The Frederick K. Cox International Law Center is a research center founded at Case Western Reserve University School of Law that focuses on the legal study of international law. The Center sponsors conferences, visiting lecturers, the Case Western Reserve Journal of International Law, the Case Western Reserve team for the Philip C. Jessup International Law Moot Court Competition, the Summer Institute for Global Justice, and the War Crimes Research Office. Members of the Center do research and write books, articles, and weblogs, for which the Center holds the specification.

The Cox Center was established in 1991 with a multimillion-dollar special endowment by The George Gund Foundation. The Cox Center has also received endowment money and grants from Bruce J. Klatsky, the Wolf Family Foundation, the Yanowitz Family Foundation, and the Open Society Institute.

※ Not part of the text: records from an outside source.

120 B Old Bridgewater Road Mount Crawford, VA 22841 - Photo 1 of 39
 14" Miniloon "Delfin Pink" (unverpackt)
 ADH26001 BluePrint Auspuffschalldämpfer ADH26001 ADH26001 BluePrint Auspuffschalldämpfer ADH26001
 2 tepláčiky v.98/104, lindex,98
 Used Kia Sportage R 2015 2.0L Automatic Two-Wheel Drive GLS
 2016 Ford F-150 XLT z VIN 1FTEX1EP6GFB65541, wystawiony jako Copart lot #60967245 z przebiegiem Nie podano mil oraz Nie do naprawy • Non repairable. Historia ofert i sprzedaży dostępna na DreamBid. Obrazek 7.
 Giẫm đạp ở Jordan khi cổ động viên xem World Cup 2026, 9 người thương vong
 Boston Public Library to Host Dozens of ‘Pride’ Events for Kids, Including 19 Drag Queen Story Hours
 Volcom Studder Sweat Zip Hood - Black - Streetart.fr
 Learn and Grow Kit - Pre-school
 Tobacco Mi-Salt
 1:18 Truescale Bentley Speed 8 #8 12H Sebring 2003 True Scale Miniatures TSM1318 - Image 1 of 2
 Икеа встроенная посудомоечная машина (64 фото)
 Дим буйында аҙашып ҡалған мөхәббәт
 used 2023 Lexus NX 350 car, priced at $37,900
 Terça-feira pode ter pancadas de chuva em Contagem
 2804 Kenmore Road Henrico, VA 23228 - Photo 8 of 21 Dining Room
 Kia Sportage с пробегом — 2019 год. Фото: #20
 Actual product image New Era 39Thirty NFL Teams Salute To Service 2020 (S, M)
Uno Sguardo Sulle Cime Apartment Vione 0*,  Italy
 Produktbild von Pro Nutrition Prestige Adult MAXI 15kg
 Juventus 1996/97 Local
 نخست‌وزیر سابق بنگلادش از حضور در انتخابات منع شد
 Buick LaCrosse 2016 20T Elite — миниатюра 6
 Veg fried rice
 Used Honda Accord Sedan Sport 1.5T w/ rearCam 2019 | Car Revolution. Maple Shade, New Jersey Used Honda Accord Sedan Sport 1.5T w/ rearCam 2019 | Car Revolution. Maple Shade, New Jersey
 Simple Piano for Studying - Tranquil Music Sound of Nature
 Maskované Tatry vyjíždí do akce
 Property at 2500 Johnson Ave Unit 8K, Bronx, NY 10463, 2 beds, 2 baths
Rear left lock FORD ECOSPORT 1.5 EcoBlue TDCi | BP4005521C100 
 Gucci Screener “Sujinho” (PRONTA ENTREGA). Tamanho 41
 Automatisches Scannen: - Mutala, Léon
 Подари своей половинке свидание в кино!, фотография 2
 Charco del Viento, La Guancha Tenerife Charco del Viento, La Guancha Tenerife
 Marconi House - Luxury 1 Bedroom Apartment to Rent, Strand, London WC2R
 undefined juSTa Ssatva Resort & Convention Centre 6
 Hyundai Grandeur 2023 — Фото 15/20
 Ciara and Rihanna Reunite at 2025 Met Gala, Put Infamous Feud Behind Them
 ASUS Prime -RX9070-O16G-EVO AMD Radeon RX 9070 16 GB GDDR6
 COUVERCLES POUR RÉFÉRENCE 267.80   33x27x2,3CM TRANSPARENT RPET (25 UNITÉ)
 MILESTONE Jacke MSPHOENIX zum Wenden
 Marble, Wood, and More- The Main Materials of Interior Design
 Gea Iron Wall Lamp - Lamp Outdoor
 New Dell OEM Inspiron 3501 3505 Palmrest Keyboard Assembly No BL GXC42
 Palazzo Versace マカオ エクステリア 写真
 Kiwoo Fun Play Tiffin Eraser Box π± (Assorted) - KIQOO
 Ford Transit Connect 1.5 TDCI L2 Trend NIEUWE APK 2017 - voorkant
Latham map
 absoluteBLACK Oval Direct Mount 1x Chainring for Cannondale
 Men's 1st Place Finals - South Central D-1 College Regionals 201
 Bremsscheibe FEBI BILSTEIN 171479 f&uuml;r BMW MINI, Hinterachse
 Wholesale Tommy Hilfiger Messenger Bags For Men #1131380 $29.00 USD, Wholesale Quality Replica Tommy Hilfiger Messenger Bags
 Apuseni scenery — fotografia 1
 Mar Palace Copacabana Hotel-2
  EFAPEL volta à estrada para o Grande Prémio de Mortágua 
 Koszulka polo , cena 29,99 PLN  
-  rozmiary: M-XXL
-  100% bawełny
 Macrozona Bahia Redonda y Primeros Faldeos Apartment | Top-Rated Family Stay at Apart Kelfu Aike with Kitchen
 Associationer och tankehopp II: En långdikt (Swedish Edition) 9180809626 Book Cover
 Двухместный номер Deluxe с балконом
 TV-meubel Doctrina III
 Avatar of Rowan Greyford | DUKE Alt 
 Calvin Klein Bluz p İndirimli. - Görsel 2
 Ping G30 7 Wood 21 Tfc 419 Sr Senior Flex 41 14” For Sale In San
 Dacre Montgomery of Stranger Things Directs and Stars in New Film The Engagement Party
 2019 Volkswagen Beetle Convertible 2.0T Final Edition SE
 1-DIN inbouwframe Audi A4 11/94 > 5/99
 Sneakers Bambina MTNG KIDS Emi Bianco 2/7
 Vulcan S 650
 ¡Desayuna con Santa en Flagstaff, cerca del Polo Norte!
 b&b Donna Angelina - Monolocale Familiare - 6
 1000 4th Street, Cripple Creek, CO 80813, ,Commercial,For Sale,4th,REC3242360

== War Crimes Research Office ==
Founded in 2002, the War Crimes Research Office undertakes research projects for five war crimes tribunals and other international organizations, hosts a war crimes trial blog and e-newsletter, and sponsors an annual war crimes research symposium.

=== Research Projects ===
The War Crimes Research Portal “contains over a thousand links to websites related to international humanitarian law which are arranged alphabetically by subject area including a summary of each site. Keyword searching is available. A very special feature is the access it provides to … research memoranda on issues pending before the International Criminal Tribunal for the Former Yugoslavia, the International Criminal Tribunal for Rwanda, the Special Court for Sierra Leone, [the Extraordinary Chambers in the Courts of Cambodia,] and the International Criminal Court. Analysis articles and a bibliography are also provided.”

=== Blog ===
The Grotian Moment blog, established in September 2005, is a source of expert advice on war crimes trials such as the trial of Saddam Hussein. It features essays by a panel of experts on developments related to major war crimes trials, as well as newspaper articles, and documents related to the tribunals.

=== Newsletter ===
The Frederick K. Cox International Law Center contributes, together with Public International Law & Policy Group, to the preparation of "War Crimes Prosecution Watch", a biweekly compilation of official documents and articles about the investigation and prosecution of war crimes. It is funded by the Carnegie Corporation of New York and the Open Society Institute.